Edublogs originally provided the ‘Supporter’ route (now called Edublogs Pro) in 2007 where if you like what we did you could choose to pay to be a supporter. While we had great feedback it never came close to paying the hosting bills.
When ads was introduced onto Edublogs in 2008 our monthly hosting costs were around $3.500, ‘Supporter’ was $25 (annually) and we’ve had about 30 – 40 people sign up for it in a year.
Hosting costs are only a part of the total cost of running a business like Edublogs. Our users expect 100 uptime, good speed, constant improvement of features, support 24/7/365 days a year.
In terms of XML-RPC and disabling ability to embed code on free blogs that is directly related to sploggers (people who create blogs to promote websites or products). We never wanted to block either of these from free blogs but we were put in a positon where it isn’t an option.
Unfortunately there are companies that pay people to create splogs (spam blogs) and to write spam comments. They are an issue on all blog platforms and many social networks. A good splogger can mass create 100’s of splogs every day and we run highly specialised software on Edublogs to deal with them.
Sploggers who use bots to create their splogs have very sophicated ways of mass creating splogs and one method is using the XML-RPC which is why it needed to be disable for free blogs.
We still wanted our users to have this feature, while preventing the mis-use by the sploggers, which is why we’ve tied it to Edublogs Pro where a Pro blog has access to these features and is able to enable XML-RPC, disable ads, enable access to premium themes and enable embedding of embed code of up to 50 student (or other) blogs by going to Pro > Upgrade up to 50 Student blogs in their advanced admin interface of their Pro blog.

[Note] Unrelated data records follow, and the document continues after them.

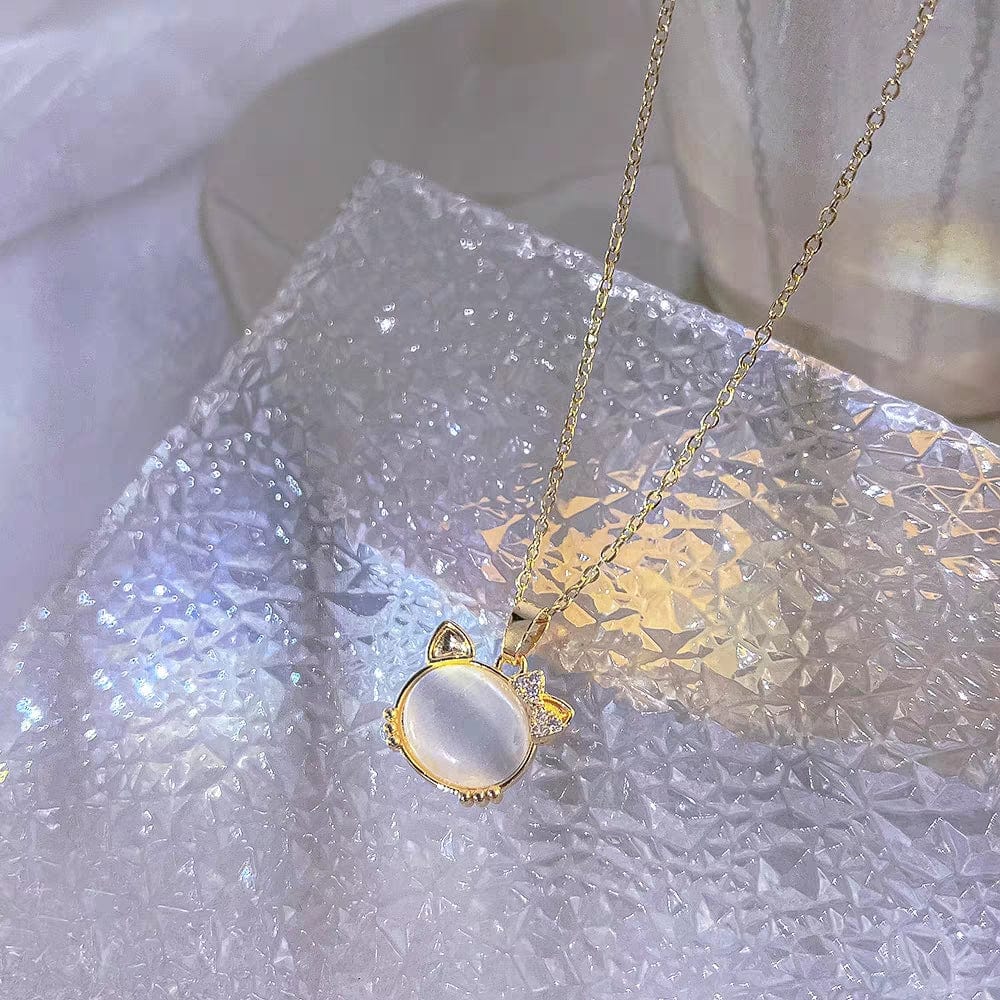 Elegant Labradorite Kitty Pendant Necklace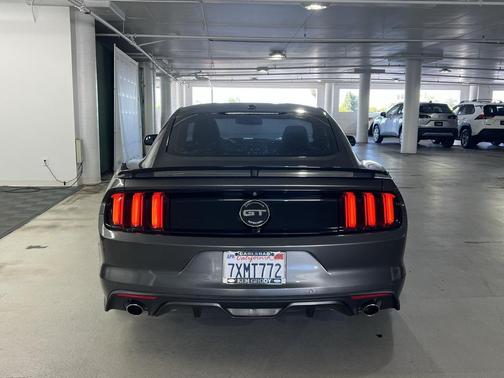 2017 Ford Mustang GT Premium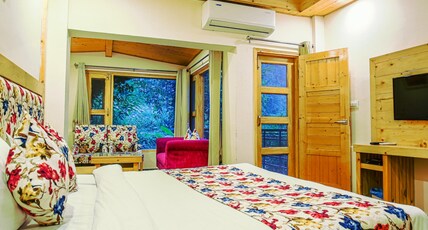 Dagshai Manor Resort Kasauli Room Type - Luxury Suite room with King Bed and Private Balcony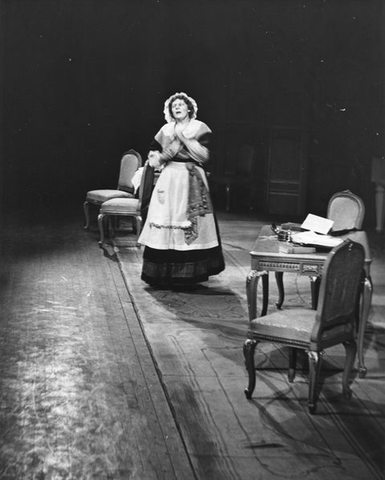 Il Barbiere di Siviglia, Gioachino Rossini. San Francisco Opera, 1936. Photographer: Lawrence B. Morton/San Francisco Opera.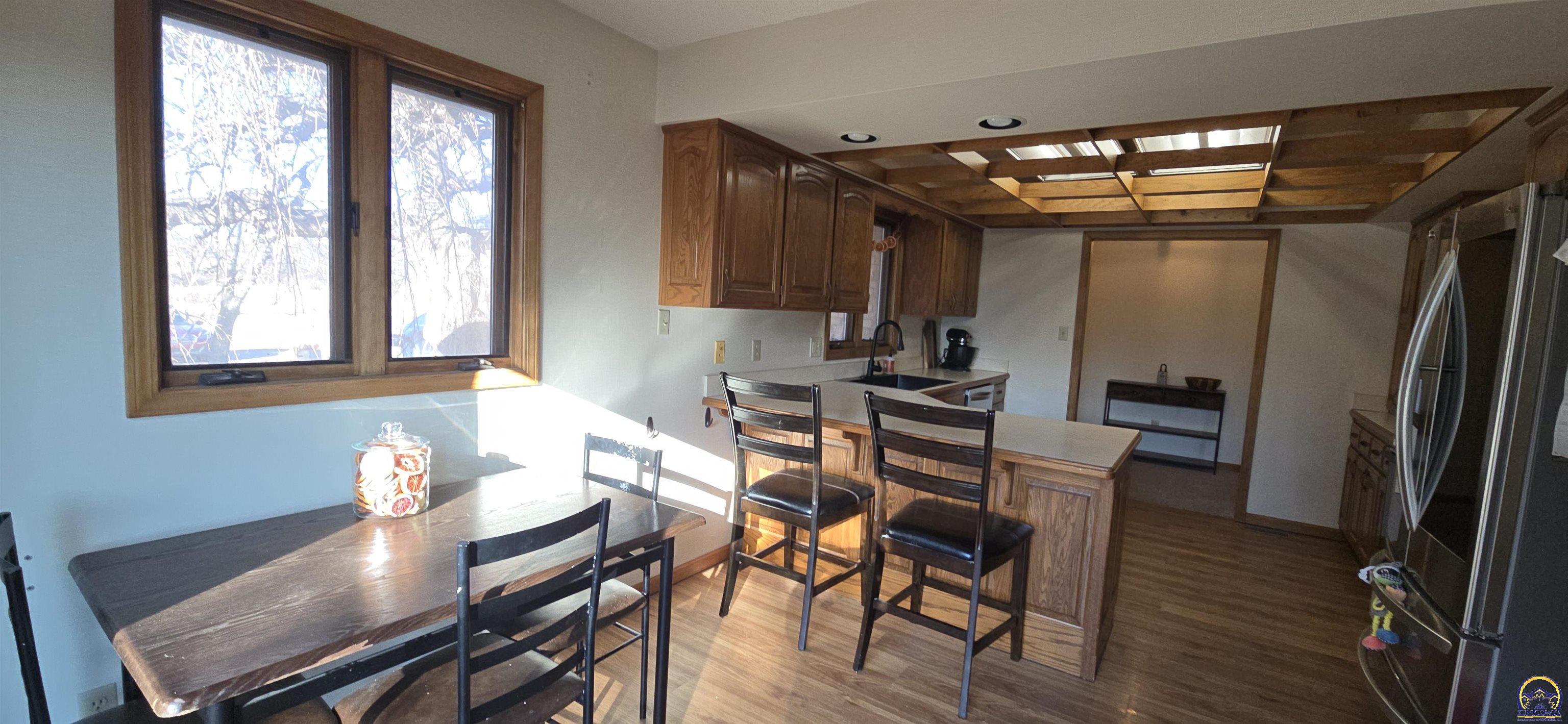 9020 Southwest Wanamaker Road Wakarusa, KS 66546 - Photo 6 of 41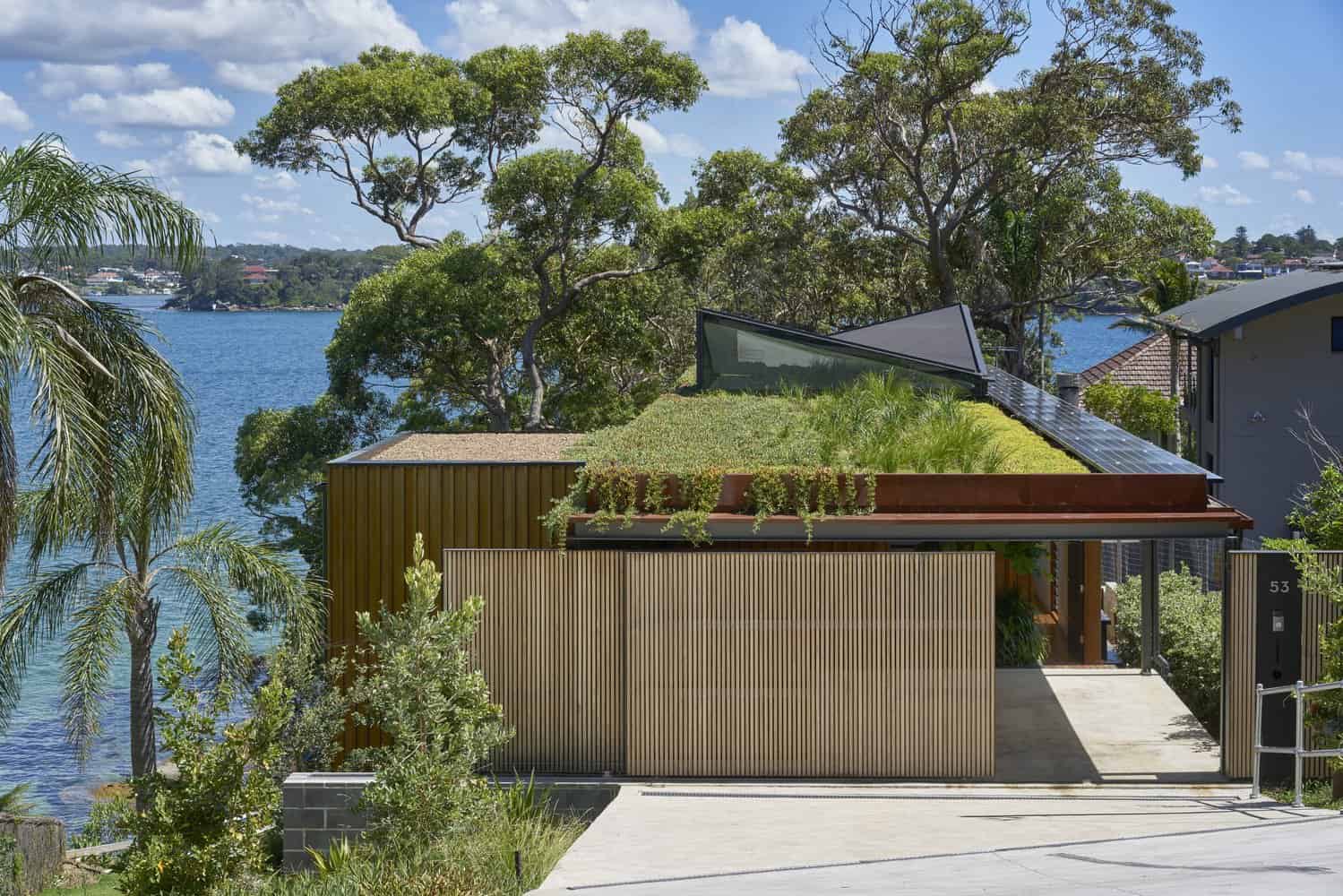 Bundeena Beach House by Grove Architects near Sydney, Australia Bundeena Beach House by Grove Architects near Sydney, Australia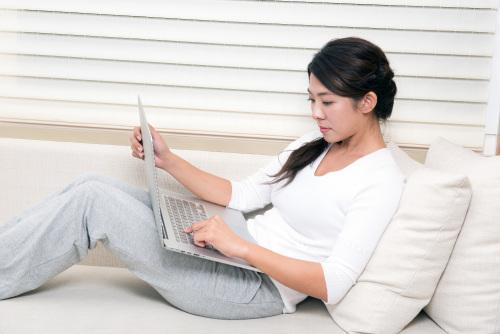 月经颜色会很深是排毒么,来月经是排毒的吗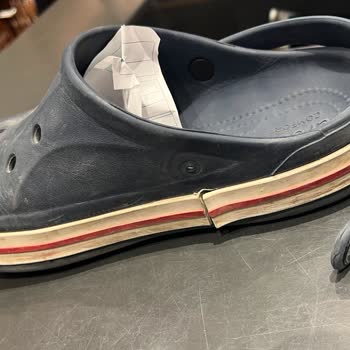 Crocs Terlikler 1 Ayda Deforme Oldu, Değişim Reddiyle Mağdur Edildik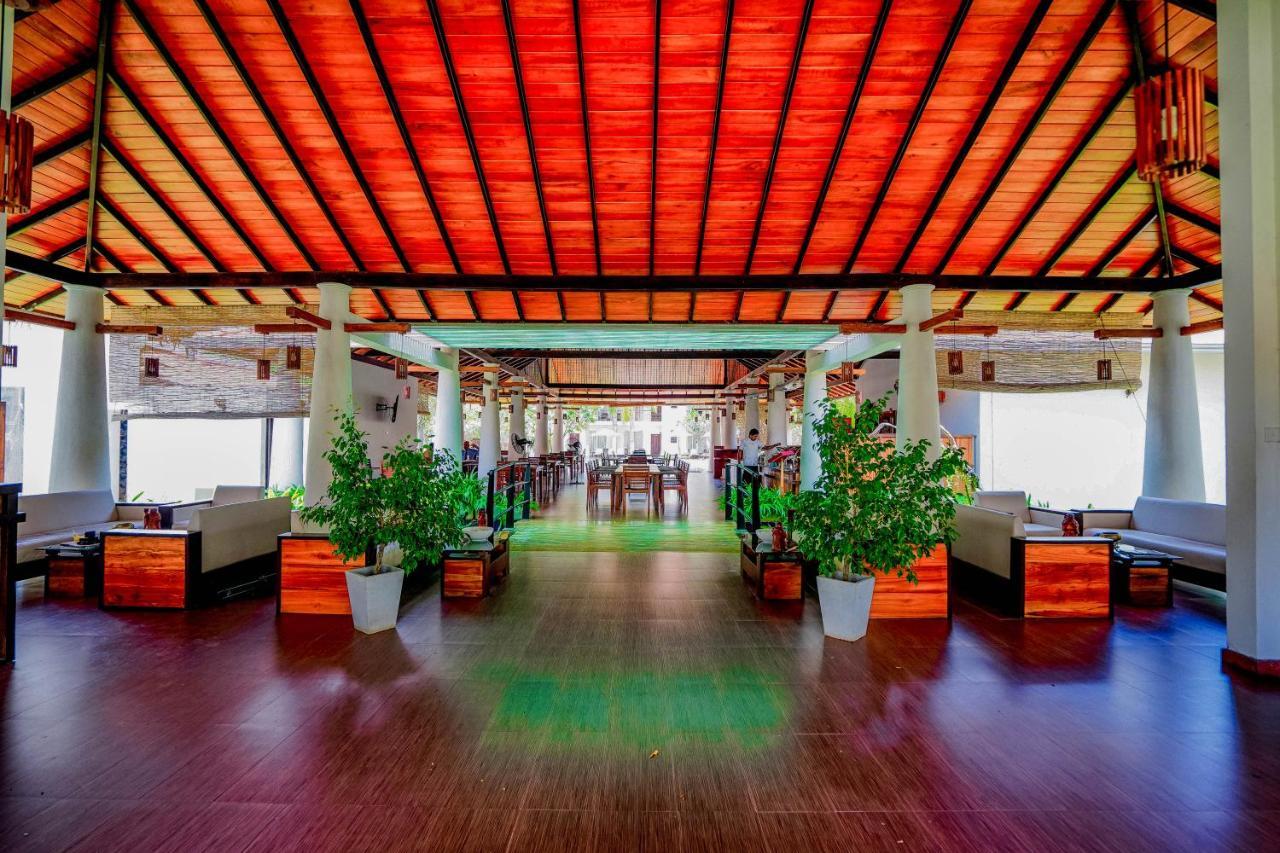 Hotel Tamarind Tree Tissamaharama Esterno foto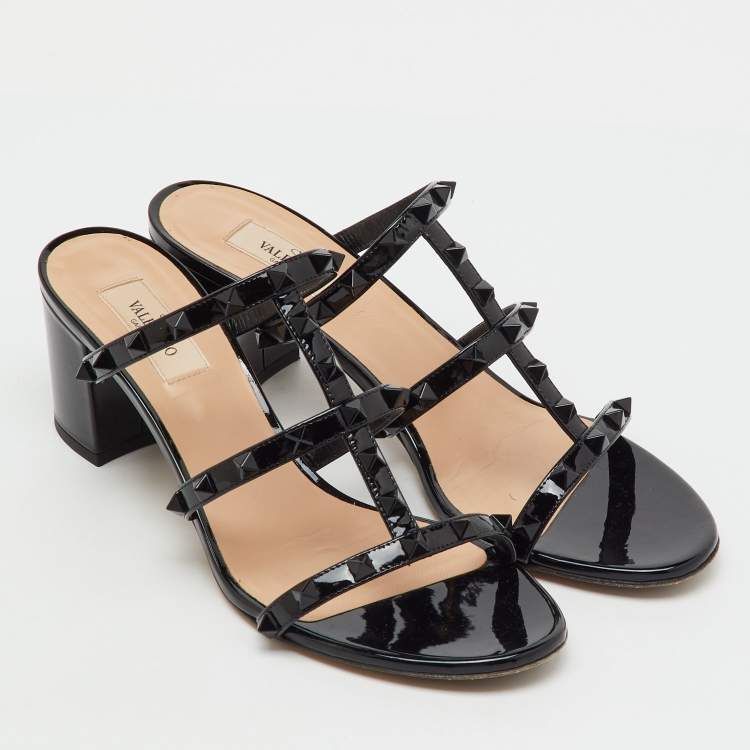 Pre Owned Valentino Black Patent Leather Rockstud Slide Sandals Size 40.5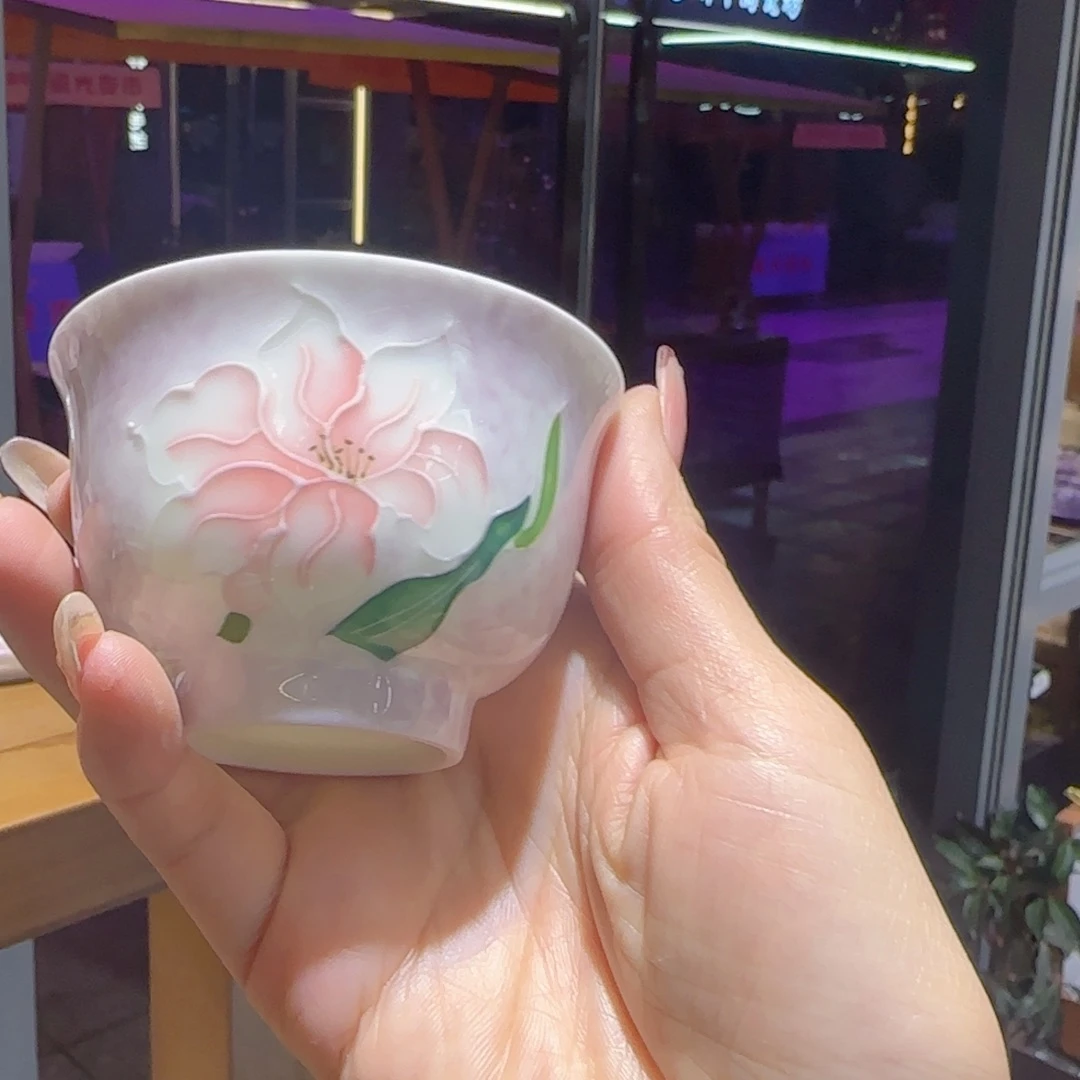 茶杯里放了两杯酒在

Thanks for providing all these clarifications, Sue. I readily understand your battle against spam blogs and comment spam. The individual word-ads were the thing which was the big tipping point for me.
As I said, I AM delighted you have a funding/monetization model which provides for your continued existence and offering your services. I’m sure we’ll see many web 2.0 companies continue to to the way of gabcast, drop.io, etc if they don’t follow suite and devise viable strategies to turn a profit.